Uncertainty continues to create challenges for a Vernon family in central Africa.
Violence has escalated recently in Burundi as competing groups have been attempting to gain control of the government since April.
“Things are quite bad here and it is not clear where it us all heading,” said Ray Bale, who runs an orphanage with wife Mary Anne and son Boss in Bujumbura.
Dozens of people died when military camps were attacked Dec. 11, and security forces then arrested hundreds of men and allegedly killed many of them.
“Our (Canadian) embassy has recommended we leave but we feel right to monitor things on the ground here for now,” said Bale.
“There’s lots of fear. People are afraid to leave their homes, or if they have, now afraid to return.”
The United Nations is calling for the violence to end and negotiations to begin among the factions.
“More than ever before, there is an urgent need for decisive action from the international community to stop this senseless violence. We cannot turn our backs on the people of Burundi at this turning point of their history,” said Cecile Pouilly High Commissioner for Human Rights spokesperson, in a statement.

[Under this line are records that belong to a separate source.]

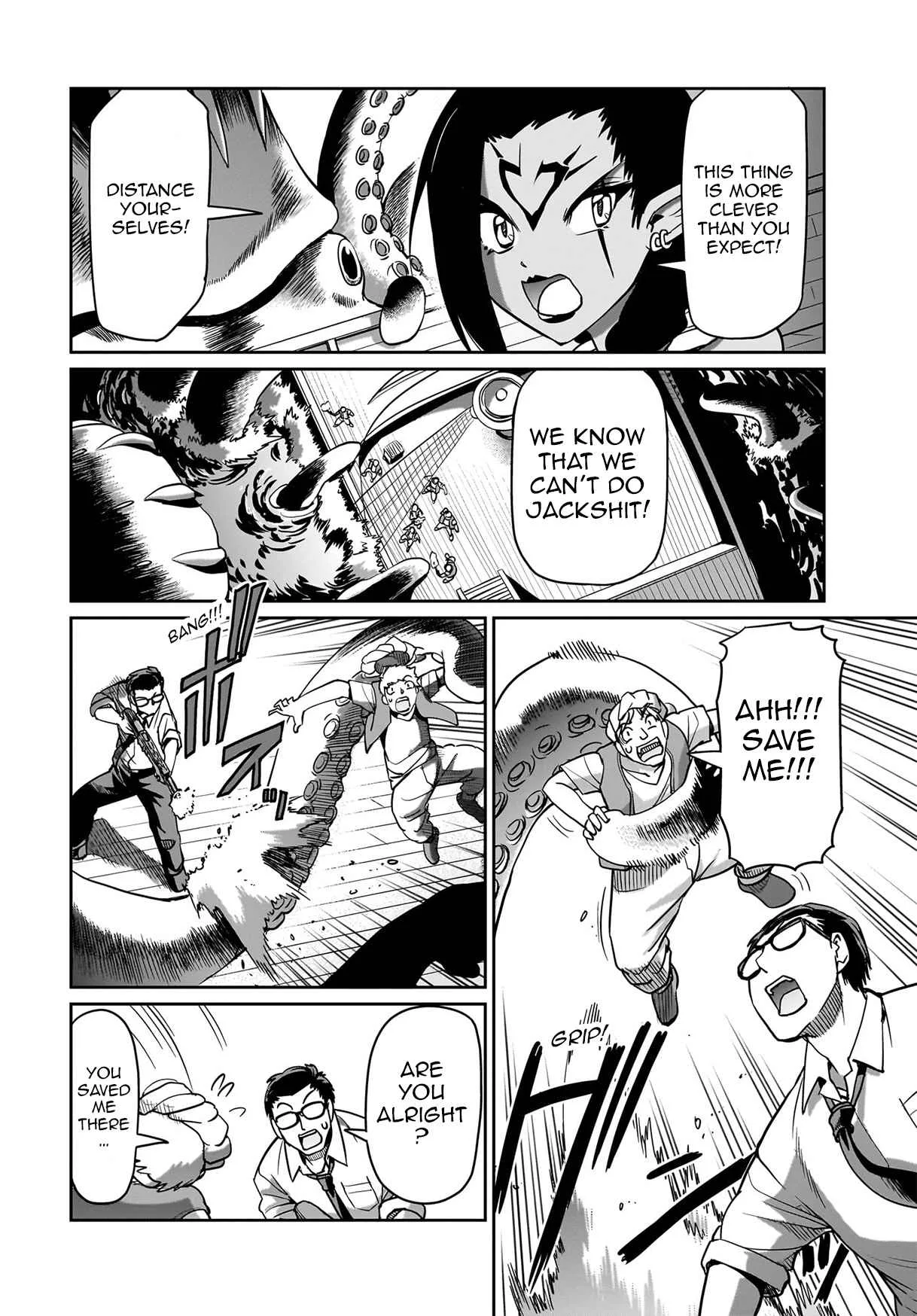 Isekai Shokan Ojisan No Ju Muso Life Sabage Suki Salary Man Ha Kaisha Owari Ni Isekai He Chokuki Suru Chapter 12 page 11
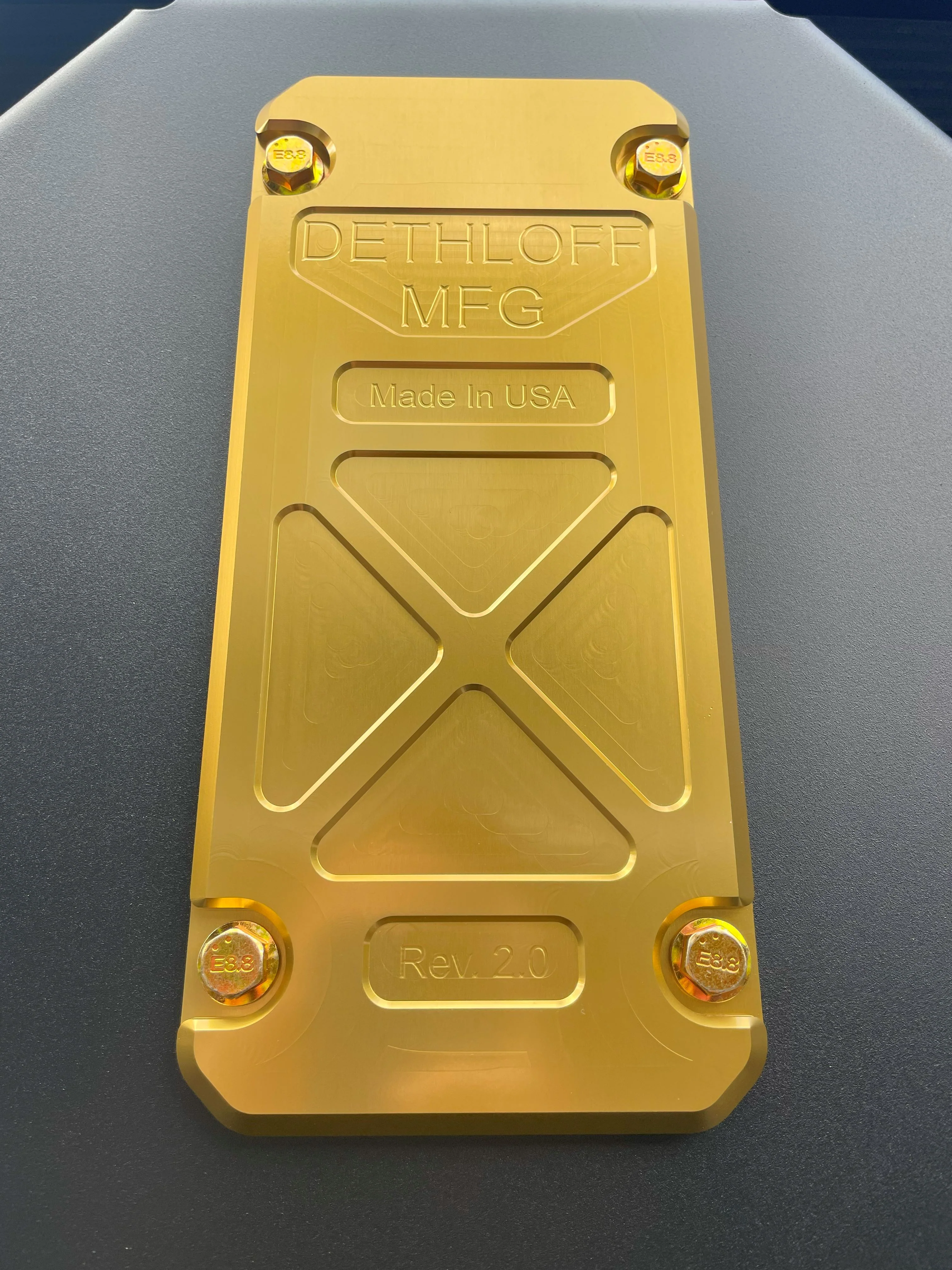 Dethloff Mfg HD Engine-Transmission Armour 2014+ Ram 2500/3500 - Image 8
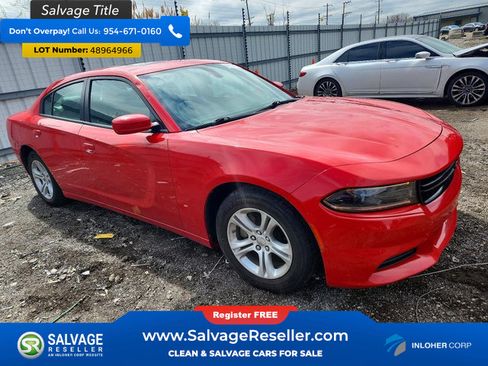 Used 2022 Dodge Charger SXT w/ Leather Interior Group RWD image 5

“With this latest series of bloody events, the country seems to have taken a new step towards outright civil war and tensions are now at bursting point in Bujumbura.”
sThe violence began in the spring when president Pierre Nkurunziza announced he would seek a controversial third term.
Bale admits the violence is unsettling.
“Darkness is the toughest time and it lasts 12 hours here. By 7 p.m., the city has an eerie quietness about it until the shooting and explosions start,” he said.